It doesn't matter how much of my book the AI is scraping; it shouldn't have any access to my book.
So then, no human should have access to your book. It literally makes no difference.
On the other hand, if a human is being inspired by my book, then you're right; it's a lot lower-profile and I may never notice and find out...but if I do find out, then I can examine the book myself and compare it to my own work. But AI is churning out hundreds or thousands of works a day, while human creators are significantly less prodigious.
That's fair, but I don't really see how it changes anything.
So ok, fine. The New Big AI discloses all of it's sources, your book is among them.
New Big AI generates 90,000 works a day.
Are you going to have the resources to go through every single on the of the 90,000 works in order to compare and see if any of them may meet the threshold of violating a copyright you own?
Or i'll even toss a bone here. The AI company develops a way that will not only disclose what works it has fed into the AI, but upon every single work generated the AI will also provide a word-by-word breakdown of what source it used (which is... absolutely ridiculous and is just not in any way reasonable or feasible), how do you then break it down? And the issue still remains that you will still go have to go through 90,000 works created per day to scan to see what percentage of your your words the work used.
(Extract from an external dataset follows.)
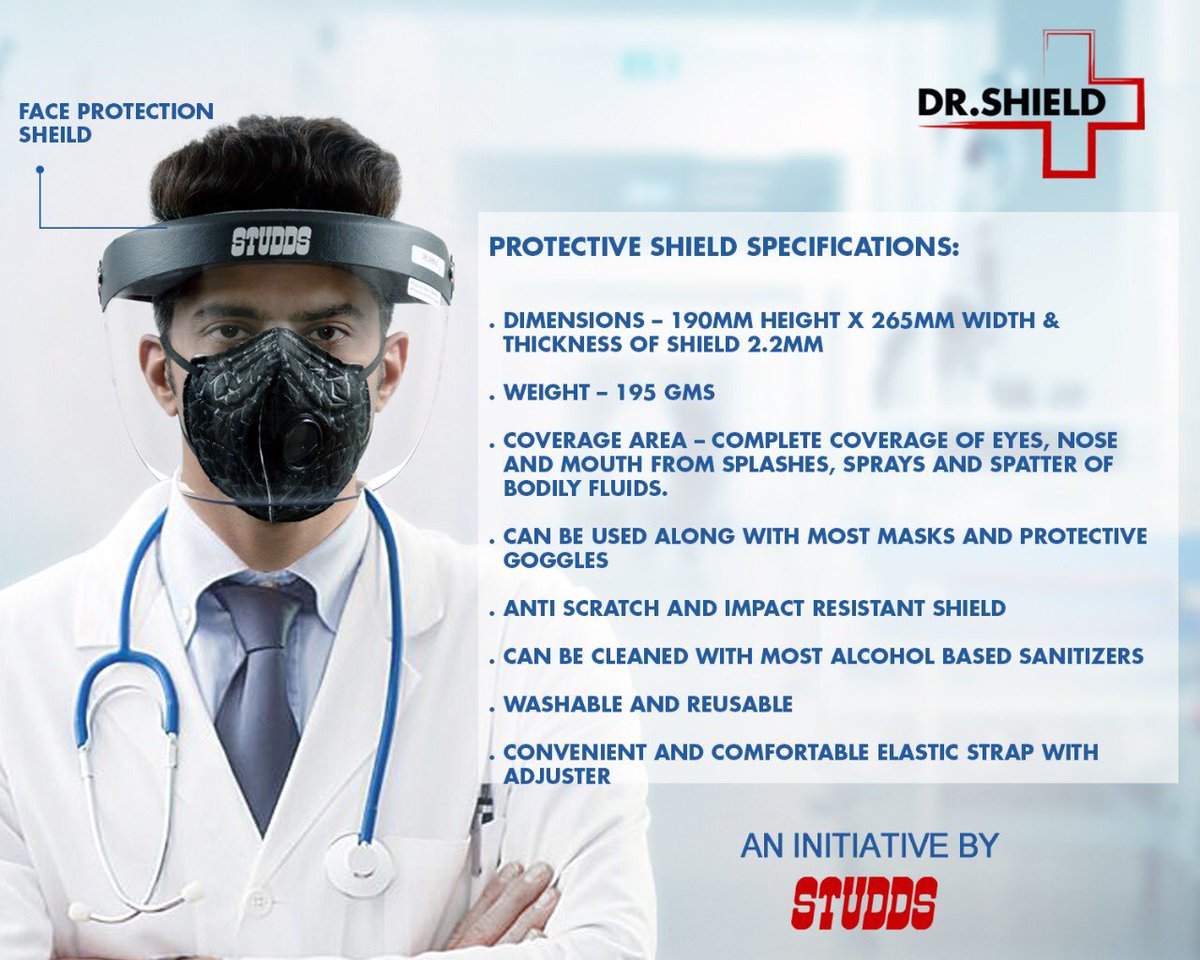 StuddsHelmet's tweet photo. Great thought. While we are keeping doctors, medical staff and even policemen safe by #FaceProtectionShield and #EyeProtectionGlasses , the class and @imsrk can be saved as well. On top of that these are easy to clean, reusable & comfortable. #ShieldHaiNa #GlassesHaiNa https://t.co/1iim9WcuHk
AND THEN, just because it used your work as a source for say, 4.3% of the new work generated, now you need to read the work and compare it to see if it was actually a copyright violation or it literally just used words from your work. 90,000 times. Per day.
It would be absolutely ridiculous to demand that you are paid by the percentage that the AI detects in has used from a source, because even if it used 100% of the words from your work... that doesn't actually mean it has violated any copyright. It just means it used the same words you did.
Anyway you package it, it either doesn't make any sense or is just entirely not feasible and not workable. The BEST thing you can possibly get is for AI companies to disclose their sources so that you can potentially ensure the source was legally obtained.
My serious question... when it comes to compensation, as an author, what do you want? Specifically? What do you want to be compensated on, how would the compensation work? I'm genuinely curious because I haven't actually seen any true, specific demand other than "pay me".
EDIT -
From a purely pragmatic point of view, the "try and stop us people" once again do have the most convincing argument.
For the sake of argument, let's say there is a universal law passed, AI devs must disclose what works the AI was trained on.
Ok. Law is done.
AI dev doesn't include your work. You suspect your work was used. Prove it. From a US perspective, if you're trying to press criminal charges, prove it beyond a reasonable doubt. Civil charges, prove it 51%. Either way,
prove your work was used.
I'm fairly certain it's impossible.